Recuerdo una ocasión en que, llevado por la marea de gente que abandonaba la ciudad cargada de elementos para disfrutar el verano, embarqué a mi familia en un viaje a la carretera austral. Fueron días de intenso trabajo, armando y desarmando carpas, cocinando, cuidando a los niños y discutiendo por cualquier pequeñez que sirviera de pretexto a nuestro malhumor. Finalmente, cuando llegamos a casa, di gracias a Dios por traerme de nuevo a mis amadas rutinas y me prometi que en adelante las vacaciones serían descanso y no más trabajo ni conflictos
Cuando era niño, las vacaciones las pasábamos en casa, a la espera de algunos acontecimientos especiales . A veces llegaba de visita una tía lejana trayendo consigo a una prima con la que jugaríamos esos audaces e inolvidables juegos de manos o , bien, un primo bueno para nadar que nos serviría de garantía a la hora de pedir permiso para ir al río.
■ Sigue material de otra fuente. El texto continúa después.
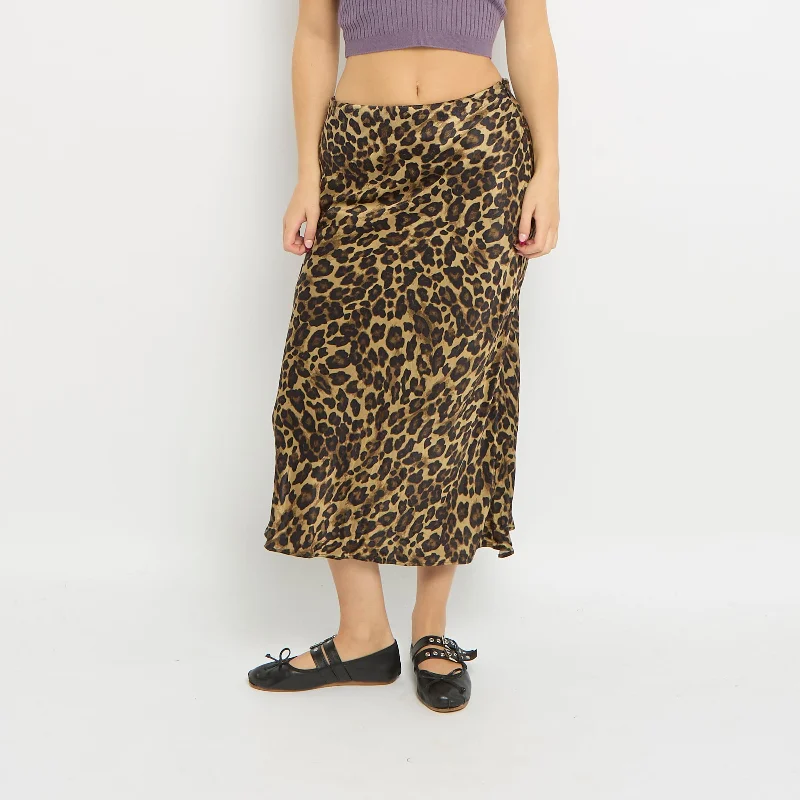 Leopard Print Satin Maxi Skirt - UK 10 maxi skirt elegant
Un par de veranos nos llevaron a la playa para que disfrutáramos mientras nuestra madre se sacrificaba para atendernos y alimentarnos en medio de las incomodidades propias de un campamento. Pero casi ningún niño salía de vacaciones, excepto los hijos de quienes tenían los puestos más importantes en las minas de carbón. Ellos salían, y regresaban tostados por el sol, con la piel a medio mudar. Recuerdo esas manchas, en los brazos y en la punta de la la nariz , lucidas por las adolescentes y jovencitas como una marca de prestigio. En todo caso nadie sufría por no haber salido de vacaciones; no existía en esa época el convencimiento de que para descansar hay que salir y hay que consumir.